Model Type: Choose between either an Object Detector or an Image Classifier. This changes the behaviour of ToolZ when labelling images.
This is the simplest setup as you are only assigning a label to a whole image. As you select images in the filing panel the properties panel will update to show the image’s classification. The current classification’s label will be displayed under the file’s name in the filing panel and the label will show as the orange accent colour in the properties panel. Tap on one of the labels in the properties panel to assign/re-assign another label.
When configured as an object detector the Edit Image View will create, display and edit boxes for labelling the selected image. A count of the boxes and their associated labels are shown under the name of the image file in the filing panel.
Overlay Image: This displays the overlay image for a given configuration. Tap here for details on setting the overlay image.
Labels are placed into Label Groups. When classifying images you select a label group with which to work. A label can appear in more than one label group. Above the Fiber configuration is selected; this has one label group titled Fibers which is checked to indicate it is part of the configuration. The Fibers group is also selected and all the labels are checked to indicate that these are part of the selected group.
To create a label group:
- Tap the + button at the top of the Label Groups column.
A new group will be created as Untitled.
- Tap on the group title to rename it.
- To add the group the the currently selected configuration, tap the circle for the group to add it to the configuration.
To create a label:
- Tap the + button at the top of the Labels column.
A new label will be created as Untitled.
- Tap on the label’s title to set its attributes.
- Edit the label’s title; this is only used for display within ToolZ.
- The textfield to the right of the title is for the label’s Class Index. This is optional but must be entered as an integer. The class index does not need to be unique within ToolZ but it is highly likely you will want to make it unique within a configuration.

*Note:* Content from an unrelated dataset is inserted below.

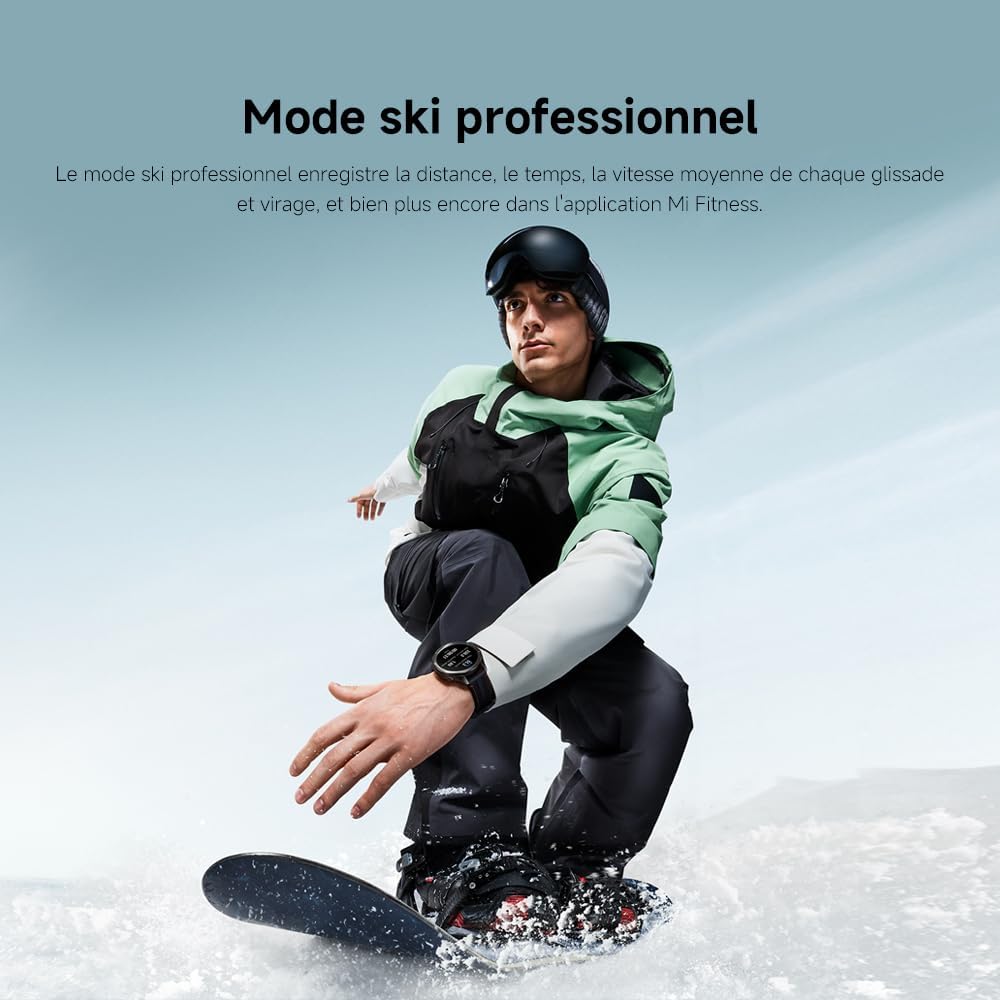 Xiaomi Watch S4 47mm Noir, Argent, Or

- Edit the textfield labelled Classification. This is a short code used by ToolZ to uniquely identify the label. This must be unique within ToolZ.

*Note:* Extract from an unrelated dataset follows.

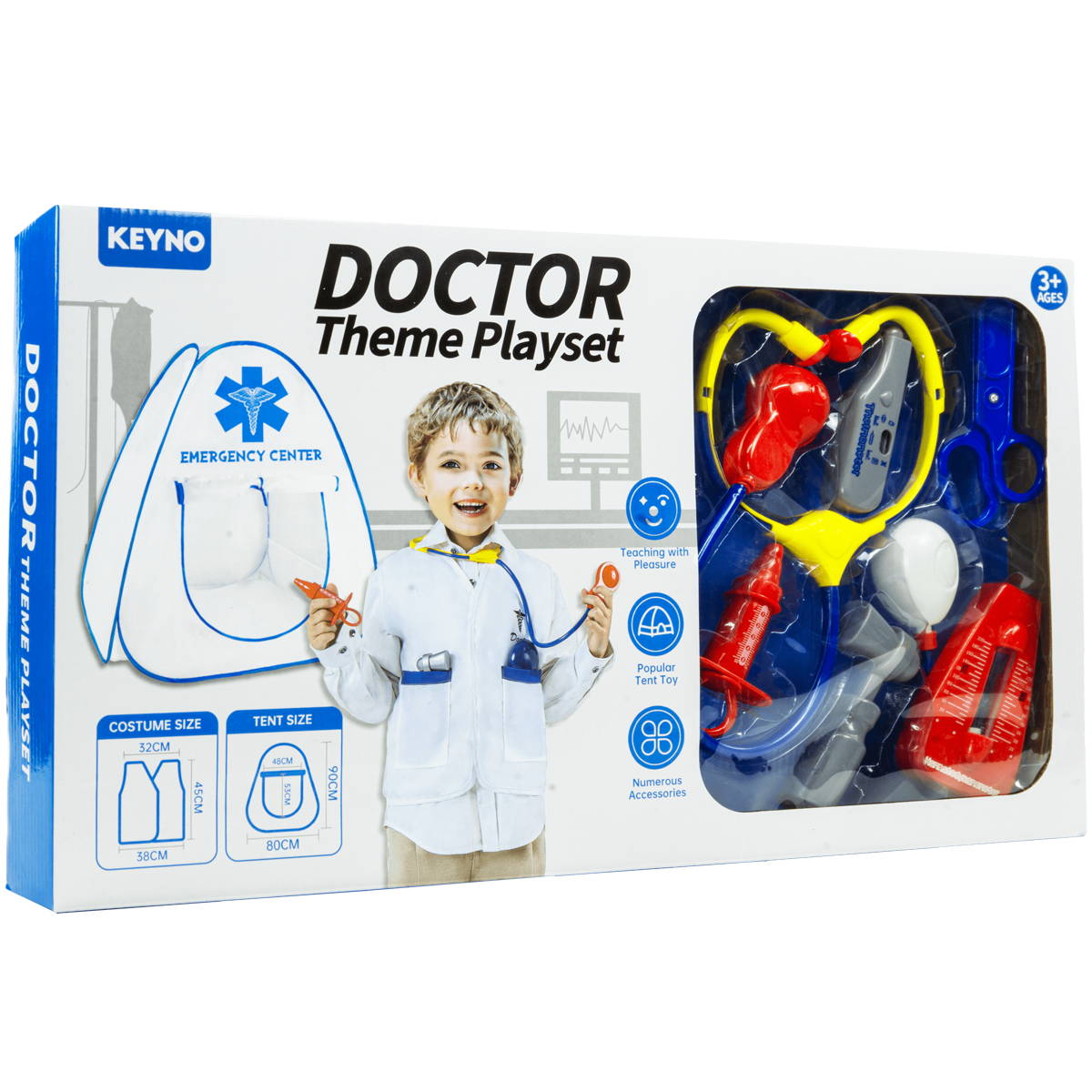 Casa tienda de juegos de doctor con accesorios para aire libre interior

- To add the label to a label group; ensure the label group is selected then tap the circle for the label to add it to the selected group.

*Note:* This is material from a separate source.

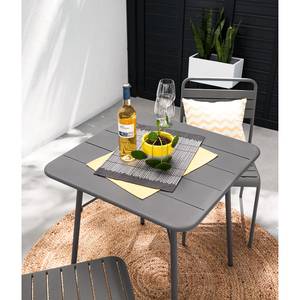 Table de jardin Utah Fer - Gris - Largeur : 70 cm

To delete a label group or label:
- Swipe to the left on the group / label.
This tab sets the parameters that are used for filtering images based on the size of boxes and the filter colour model.
Filter Sizes: These are the minimum and maximum values that are used for the range sliders when filtering and not the minimum and maximum values that are actually used for the filter.
Filter Colour Model: This is the colour model used when filtering. Tap here for further details on filtering.
This tab sets a model which has been previously imported into the filing panel. The model can be used for predicting either image classifications or object detection.
Models: Use the picker to select a model for the selected configuration. This will enable predictions to be shown when an image is selected. Further information on predictions is detailed here…
Tap on the ellipsis button to open a popover menu to select one of three compute options when predicting images.